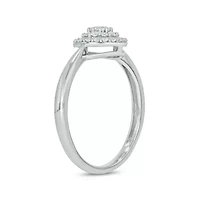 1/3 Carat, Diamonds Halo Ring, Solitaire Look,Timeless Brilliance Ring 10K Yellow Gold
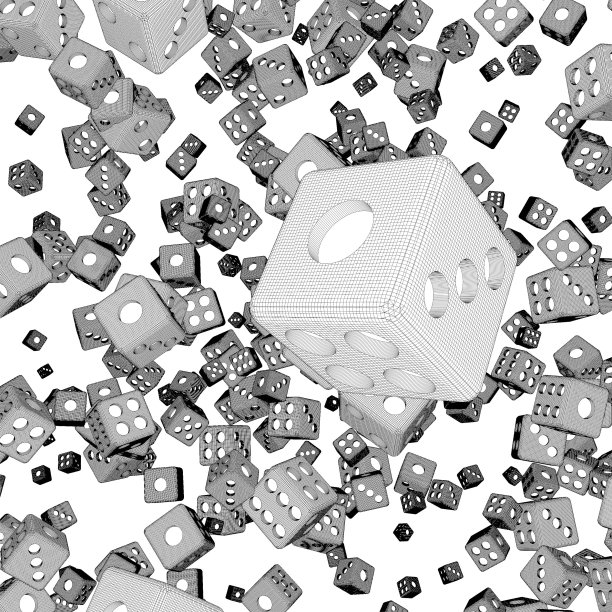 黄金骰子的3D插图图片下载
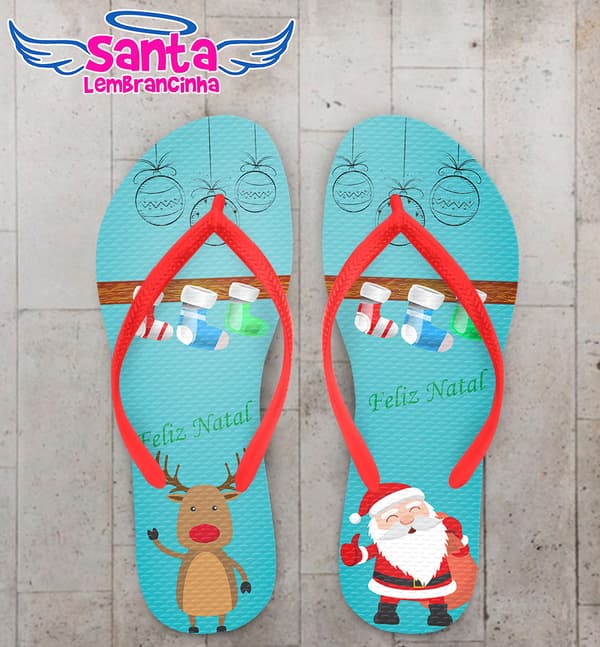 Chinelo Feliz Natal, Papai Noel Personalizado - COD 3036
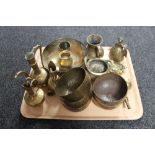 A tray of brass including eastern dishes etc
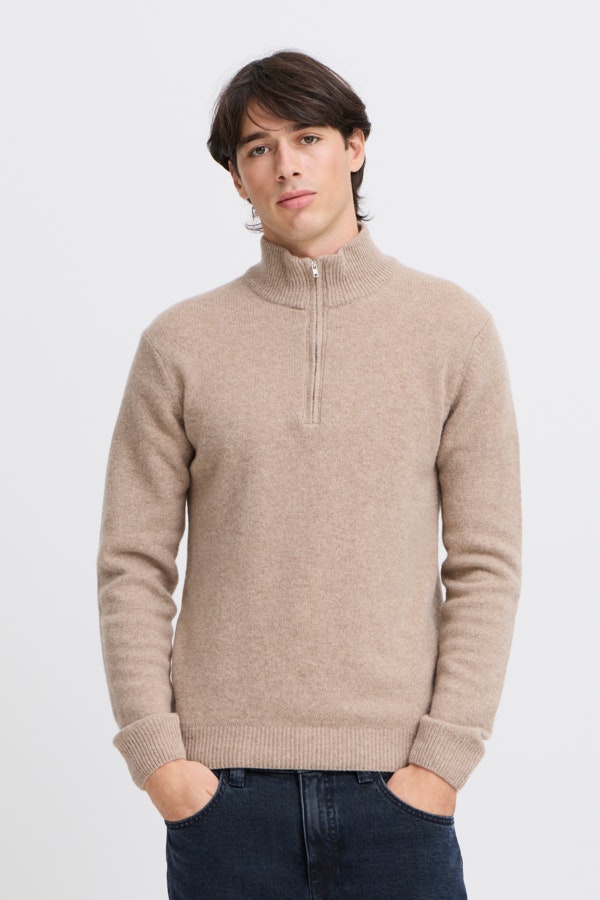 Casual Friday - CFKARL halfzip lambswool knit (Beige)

---

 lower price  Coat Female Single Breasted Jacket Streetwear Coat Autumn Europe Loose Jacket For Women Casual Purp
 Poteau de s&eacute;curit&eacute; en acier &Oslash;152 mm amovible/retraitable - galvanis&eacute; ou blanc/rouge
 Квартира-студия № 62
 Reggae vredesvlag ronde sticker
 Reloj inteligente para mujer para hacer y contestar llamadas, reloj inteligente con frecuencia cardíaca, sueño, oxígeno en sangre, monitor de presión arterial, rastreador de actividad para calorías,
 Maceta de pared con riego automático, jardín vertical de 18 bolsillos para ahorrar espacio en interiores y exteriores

● **What you should do**
Reproduce word for word the material above, starting with the line that has "Poteau de s&eacute;curit&eacute;" and stopping after the line that has "Maceta de pared".

● **Solution**
 Poteau de s&eacute;curit&eacute; en acier &Oslash;152 mm amovible/retraitable - galvanis&eacute; ou blanc/rouge
 Квартира-студия № 62
 Reggae vredesvlag ronde sticker
 Reloj inteligente para mujer para hacer y contestar llamadas, reloj inteligente con frecuencia cardíaca, sueño, oxígeno en sangre, monitor de presión arterial, rastreador de actividad para calorías,
 Maceta de pared con riego automático, jardín vertical de 18 bolsillos para ahorrar espacio en interiores y exteriores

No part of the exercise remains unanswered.